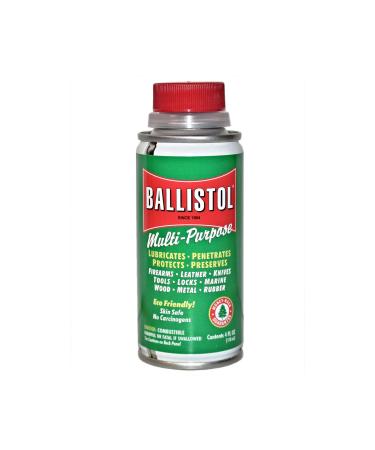 Ballistol Multi-Purpose Lubricant Cleaner Protectant, 4-Ounce, BO120045, Green
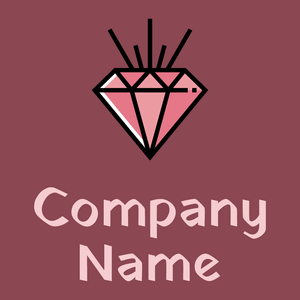 Pink diamond logo on a dark red background - Mode & Beauté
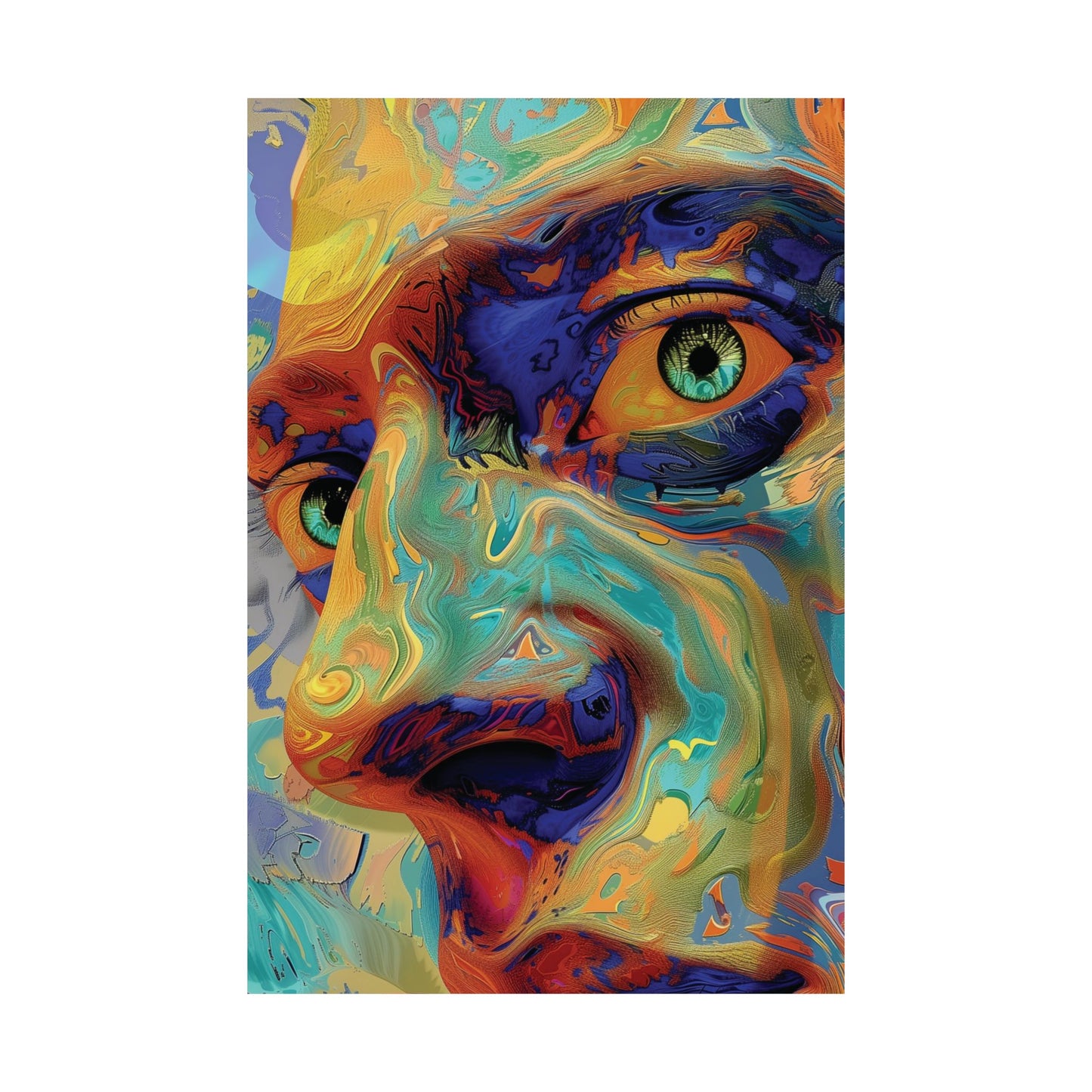 Melted Vision Printed Poster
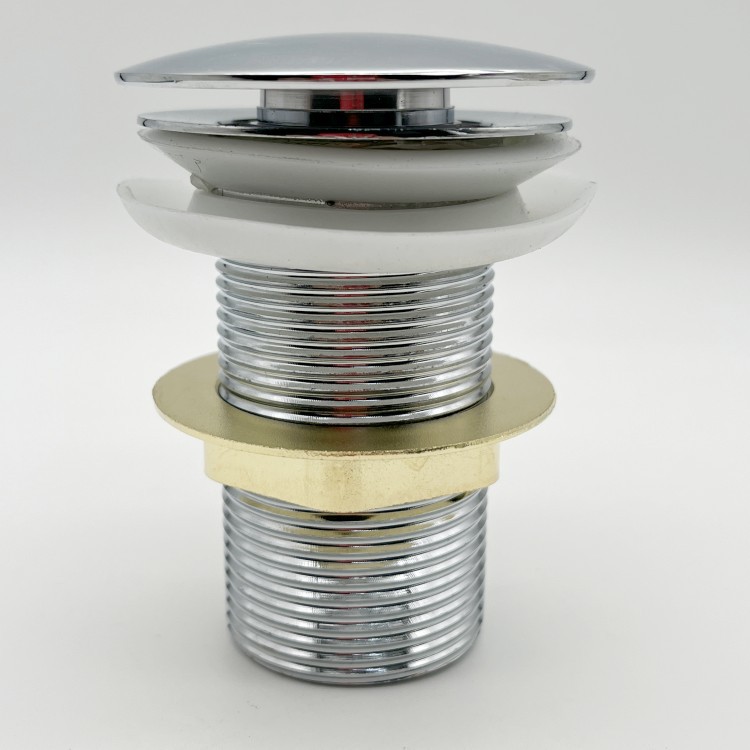 Factory wholesale press-type bouncy drain, stainless steel glass basin drain, washbasin drain Specification drawing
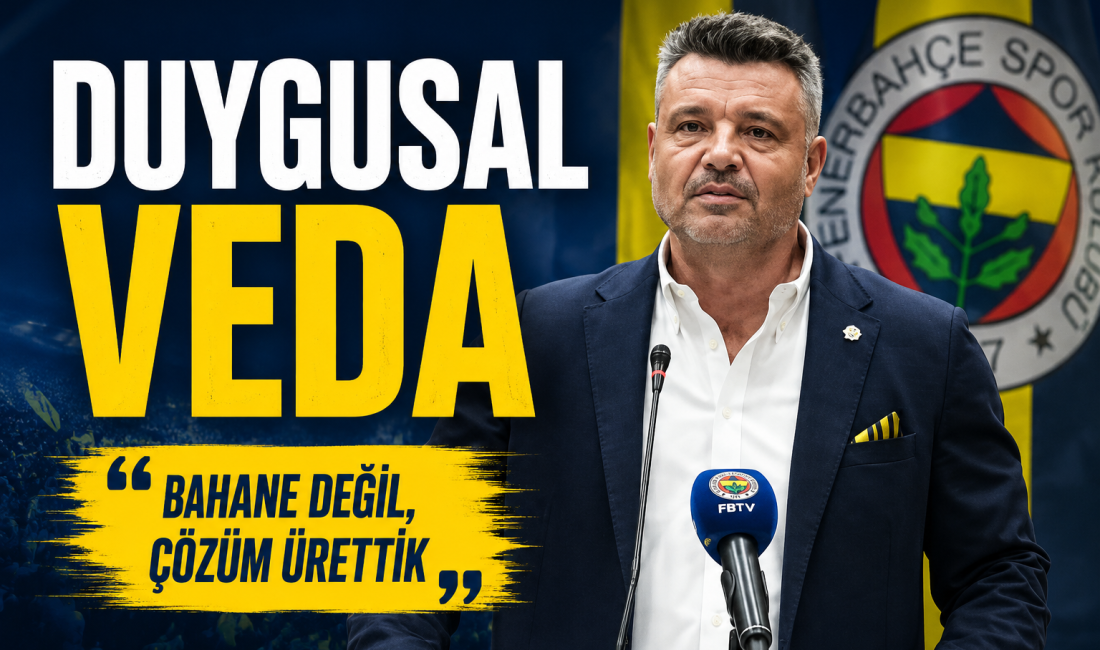 SON KONUŞMA Fenerbahçe Başkanı Sadettin Saran, olağanüstü seçimli genel kurulda yaptığı konuşmada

# [Your assignment]
Leaving the pictures aside, output each entry above exactly as written.

# [Written answer]
 Ballistol Multi-Purpose Lubricant Cleaner Protectant, 4-Ounce, BO120045, Green
 Pink diamond logo on a dark red background - Mode & Beauté
 Melted Vision Printed Poster
 Factory wholesale press-type bouncy drain, stainless steel glass basin drain, washbasin drain Specification drawing
 SON KONUŞMA Fenerbahçe Başkanı Sadettin Saran, olağanüstü seçimli genel kurulda yaptığı konuşmada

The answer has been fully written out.